What is required:
Beginning with the line below that contains "nordmobil-ivt-fernbe" and ending with the line that contains "Xotin kommunal xonada", copy every line exactly. Copy nothing else.

Records:
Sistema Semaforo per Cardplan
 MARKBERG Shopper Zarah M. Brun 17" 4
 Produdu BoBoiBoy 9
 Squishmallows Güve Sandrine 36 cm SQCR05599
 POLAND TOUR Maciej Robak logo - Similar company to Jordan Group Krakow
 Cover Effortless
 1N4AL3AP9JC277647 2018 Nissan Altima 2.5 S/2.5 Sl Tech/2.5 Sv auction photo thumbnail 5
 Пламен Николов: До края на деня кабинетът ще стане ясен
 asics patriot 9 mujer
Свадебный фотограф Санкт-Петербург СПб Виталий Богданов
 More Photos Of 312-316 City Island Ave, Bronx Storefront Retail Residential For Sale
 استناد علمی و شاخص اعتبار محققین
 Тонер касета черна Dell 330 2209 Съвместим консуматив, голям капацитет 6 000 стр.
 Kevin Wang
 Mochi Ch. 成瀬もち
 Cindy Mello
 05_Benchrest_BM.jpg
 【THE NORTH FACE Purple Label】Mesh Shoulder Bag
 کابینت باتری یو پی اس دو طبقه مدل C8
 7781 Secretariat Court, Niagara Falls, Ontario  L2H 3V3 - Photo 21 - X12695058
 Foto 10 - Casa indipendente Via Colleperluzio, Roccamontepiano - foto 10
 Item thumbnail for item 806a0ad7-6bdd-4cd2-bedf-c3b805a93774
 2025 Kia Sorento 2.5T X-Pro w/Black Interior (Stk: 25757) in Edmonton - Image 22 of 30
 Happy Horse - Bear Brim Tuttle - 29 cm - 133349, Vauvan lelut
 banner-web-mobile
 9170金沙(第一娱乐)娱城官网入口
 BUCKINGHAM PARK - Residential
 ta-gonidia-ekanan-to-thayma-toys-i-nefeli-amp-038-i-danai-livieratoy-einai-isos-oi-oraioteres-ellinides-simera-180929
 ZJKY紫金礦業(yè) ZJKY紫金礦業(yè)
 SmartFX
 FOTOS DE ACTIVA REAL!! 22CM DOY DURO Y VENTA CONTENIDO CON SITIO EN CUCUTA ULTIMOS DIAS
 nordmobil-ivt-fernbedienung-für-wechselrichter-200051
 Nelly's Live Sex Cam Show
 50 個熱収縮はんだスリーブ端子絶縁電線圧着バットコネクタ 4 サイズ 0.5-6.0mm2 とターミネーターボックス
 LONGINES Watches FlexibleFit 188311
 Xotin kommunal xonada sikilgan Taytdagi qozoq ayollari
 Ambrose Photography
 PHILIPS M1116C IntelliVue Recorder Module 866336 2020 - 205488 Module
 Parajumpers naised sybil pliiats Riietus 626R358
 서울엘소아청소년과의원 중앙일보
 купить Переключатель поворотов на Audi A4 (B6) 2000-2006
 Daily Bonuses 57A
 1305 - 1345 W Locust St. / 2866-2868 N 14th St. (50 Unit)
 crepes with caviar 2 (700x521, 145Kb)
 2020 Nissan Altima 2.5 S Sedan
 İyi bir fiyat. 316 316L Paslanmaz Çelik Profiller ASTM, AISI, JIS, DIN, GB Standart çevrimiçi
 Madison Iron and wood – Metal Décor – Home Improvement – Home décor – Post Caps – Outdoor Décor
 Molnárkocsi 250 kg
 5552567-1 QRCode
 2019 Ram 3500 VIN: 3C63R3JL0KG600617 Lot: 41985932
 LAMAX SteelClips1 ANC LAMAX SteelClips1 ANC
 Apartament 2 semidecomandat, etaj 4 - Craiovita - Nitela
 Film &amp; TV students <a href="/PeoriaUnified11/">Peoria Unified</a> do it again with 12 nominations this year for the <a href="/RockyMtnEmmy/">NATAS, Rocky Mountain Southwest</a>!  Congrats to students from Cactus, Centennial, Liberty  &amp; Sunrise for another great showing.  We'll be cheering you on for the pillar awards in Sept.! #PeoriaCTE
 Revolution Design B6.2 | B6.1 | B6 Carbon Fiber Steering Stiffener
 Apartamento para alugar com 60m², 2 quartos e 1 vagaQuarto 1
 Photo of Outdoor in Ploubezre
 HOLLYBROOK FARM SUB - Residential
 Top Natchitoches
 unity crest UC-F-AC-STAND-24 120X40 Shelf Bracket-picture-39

Response area:
 nordmobil-ivt-fernbedienung-für-wechselrichter-200051
 Nelly's Live Sex Cam Show
 50 個熱収縮はんだスリーブ端子絶縁電線圧着バットコネクタ 4 サイズ 0.5-6.0mm2 とターミネーターボックス
 LONGINES Watches FlexibleFit 188311
 Xotin kommunal xonada sikilgan Taytdagi qozoq ayollari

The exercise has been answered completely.